START Task inputs

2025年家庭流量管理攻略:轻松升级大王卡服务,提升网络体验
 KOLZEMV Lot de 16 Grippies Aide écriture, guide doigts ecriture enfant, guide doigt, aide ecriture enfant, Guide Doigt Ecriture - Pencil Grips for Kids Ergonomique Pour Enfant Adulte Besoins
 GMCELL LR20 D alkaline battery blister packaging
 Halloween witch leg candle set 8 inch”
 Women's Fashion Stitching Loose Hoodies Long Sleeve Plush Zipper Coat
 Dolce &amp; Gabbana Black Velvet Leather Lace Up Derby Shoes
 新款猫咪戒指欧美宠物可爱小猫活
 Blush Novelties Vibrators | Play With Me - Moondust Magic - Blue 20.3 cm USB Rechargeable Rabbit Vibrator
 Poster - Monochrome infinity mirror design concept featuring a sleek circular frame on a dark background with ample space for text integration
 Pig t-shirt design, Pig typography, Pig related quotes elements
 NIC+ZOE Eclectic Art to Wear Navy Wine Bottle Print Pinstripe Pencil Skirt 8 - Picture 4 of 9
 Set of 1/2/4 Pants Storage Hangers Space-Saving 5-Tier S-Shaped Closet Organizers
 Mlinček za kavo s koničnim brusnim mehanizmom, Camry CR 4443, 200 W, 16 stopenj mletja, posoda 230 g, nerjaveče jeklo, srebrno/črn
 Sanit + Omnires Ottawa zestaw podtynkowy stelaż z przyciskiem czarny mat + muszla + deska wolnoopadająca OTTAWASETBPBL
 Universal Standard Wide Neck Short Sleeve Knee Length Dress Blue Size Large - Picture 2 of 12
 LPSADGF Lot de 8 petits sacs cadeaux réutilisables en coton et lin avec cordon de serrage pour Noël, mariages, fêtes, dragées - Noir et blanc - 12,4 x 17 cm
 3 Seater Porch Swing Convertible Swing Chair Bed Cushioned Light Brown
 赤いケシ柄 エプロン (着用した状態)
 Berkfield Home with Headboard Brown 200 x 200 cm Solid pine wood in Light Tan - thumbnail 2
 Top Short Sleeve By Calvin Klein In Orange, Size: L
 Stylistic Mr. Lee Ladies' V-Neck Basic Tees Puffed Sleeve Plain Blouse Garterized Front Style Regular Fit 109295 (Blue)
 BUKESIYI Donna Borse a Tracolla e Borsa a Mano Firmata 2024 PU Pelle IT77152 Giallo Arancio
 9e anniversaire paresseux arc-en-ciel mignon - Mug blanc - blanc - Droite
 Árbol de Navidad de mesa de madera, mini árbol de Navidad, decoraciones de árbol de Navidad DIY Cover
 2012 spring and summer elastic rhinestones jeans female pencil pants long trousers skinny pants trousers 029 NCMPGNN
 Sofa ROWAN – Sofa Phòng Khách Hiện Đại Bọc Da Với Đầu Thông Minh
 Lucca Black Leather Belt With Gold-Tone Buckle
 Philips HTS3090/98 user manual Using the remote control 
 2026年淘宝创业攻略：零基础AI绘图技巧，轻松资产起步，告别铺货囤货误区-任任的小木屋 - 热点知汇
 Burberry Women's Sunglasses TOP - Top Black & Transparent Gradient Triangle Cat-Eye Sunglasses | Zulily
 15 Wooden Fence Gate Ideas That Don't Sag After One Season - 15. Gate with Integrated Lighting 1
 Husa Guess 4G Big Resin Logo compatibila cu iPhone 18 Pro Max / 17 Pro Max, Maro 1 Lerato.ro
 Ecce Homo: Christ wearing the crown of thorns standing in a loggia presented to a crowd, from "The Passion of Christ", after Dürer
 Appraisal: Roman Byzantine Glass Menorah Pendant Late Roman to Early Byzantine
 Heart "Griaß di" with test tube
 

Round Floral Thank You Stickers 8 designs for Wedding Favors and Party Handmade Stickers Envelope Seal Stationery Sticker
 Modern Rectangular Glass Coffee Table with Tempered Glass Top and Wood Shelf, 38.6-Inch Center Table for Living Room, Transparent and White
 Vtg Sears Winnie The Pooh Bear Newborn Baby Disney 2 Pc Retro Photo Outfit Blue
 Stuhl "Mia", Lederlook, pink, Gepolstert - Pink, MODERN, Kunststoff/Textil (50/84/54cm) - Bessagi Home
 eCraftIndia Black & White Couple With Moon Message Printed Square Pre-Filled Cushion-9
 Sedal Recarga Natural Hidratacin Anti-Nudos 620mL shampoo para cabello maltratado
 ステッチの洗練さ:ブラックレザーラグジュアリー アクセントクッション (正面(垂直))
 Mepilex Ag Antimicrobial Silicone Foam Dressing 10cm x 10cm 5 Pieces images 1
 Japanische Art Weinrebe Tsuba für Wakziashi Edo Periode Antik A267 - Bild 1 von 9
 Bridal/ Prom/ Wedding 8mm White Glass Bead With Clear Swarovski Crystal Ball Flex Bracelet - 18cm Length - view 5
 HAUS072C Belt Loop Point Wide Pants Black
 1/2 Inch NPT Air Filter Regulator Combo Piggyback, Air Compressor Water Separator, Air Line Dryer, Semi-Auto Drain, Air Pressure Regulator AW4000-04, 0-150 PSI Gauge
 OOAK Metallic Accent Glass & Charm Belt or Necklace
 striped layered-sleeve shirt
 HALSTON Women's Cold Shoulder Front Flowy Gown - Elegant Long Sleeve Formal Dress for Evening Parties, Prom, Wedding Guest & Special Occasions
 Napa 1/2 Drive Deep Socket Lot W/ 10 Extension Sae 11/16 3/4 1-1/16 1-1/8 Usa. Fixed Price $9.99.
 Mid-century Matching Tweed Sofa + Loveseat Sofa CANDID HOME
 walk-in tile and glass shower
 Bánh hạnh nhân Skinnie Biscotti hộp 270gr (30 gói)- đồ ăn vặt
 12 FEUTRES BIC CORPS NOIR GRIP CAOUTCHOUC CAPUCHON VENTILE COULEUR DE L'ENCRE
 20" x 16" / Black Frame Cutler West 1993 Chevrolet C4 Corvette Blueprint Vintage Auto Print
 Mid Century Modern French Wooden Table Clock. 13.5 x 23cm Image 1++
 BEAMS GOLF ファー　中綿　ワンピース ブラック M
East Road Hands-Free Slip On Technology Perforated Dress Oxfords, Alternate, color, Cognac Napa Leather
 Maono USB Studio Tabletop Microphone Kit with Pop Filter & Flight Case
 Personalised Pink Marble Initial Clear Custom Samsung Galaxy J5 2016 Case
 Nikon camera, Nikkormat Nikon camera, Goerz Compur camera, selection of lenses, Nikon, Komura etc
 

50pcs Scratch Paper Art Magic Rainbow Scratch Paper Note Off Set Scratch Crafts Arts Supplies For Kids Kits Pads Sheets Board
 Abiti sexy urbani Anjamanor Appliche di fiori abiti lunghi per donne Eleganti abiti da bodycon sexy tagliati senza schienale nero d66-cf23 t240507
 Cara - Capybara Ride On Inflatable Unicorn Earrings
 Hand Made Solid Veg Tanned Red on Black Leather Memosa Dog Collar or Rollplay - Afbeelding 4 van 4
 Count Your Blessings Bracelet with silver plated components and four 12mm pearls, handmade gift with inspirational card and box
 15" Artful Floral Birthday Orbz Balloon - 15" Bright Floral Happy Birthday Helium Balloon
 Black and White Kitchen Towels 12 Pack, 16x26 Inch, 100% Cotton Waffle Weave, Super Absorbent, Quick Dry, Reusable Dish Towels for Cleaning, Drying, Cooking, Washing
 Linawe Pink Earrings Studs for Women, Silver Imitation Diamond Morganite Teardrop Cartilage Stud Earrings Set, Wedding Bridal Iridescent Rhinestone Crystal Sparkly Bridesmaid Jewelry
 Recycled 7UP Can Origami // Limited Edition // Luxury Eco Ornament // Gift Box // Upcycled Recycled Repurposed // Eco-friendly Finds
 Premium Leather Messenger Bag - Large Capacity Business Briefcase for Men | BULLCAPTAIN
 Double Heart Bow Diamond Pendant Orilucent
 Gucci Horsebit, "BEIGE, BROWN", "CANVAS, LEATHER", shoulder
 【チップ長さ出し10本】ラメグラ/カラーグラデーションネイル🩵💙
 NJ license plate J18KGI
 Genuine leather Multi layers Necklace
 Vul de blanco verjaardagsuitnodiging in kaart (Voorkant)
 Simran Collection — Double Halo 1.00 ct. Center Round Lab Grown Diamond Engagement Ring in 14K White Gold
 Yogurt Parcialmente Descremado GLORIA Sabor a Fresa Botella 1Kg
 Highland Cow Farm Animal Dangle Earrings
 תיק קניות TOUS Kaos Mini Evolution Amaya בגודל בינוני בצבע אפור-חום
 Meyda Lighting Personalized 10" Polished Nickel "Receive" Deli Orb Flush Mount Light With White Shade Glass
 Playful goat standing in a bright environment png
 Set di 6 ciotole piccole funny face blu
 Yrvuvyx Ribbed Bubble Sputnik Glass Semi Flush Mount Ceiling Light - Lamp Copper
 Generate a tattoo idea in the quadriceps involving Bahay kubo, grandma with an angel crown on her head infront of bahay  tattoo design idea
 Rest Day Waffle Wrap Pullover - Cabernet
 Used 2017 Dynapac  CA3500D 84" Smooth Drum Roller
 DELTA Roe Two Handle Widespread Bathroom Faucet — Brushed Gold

END Task inputs

Calculate how many lines of the material include the string "Wooden", and state that number by itself.

2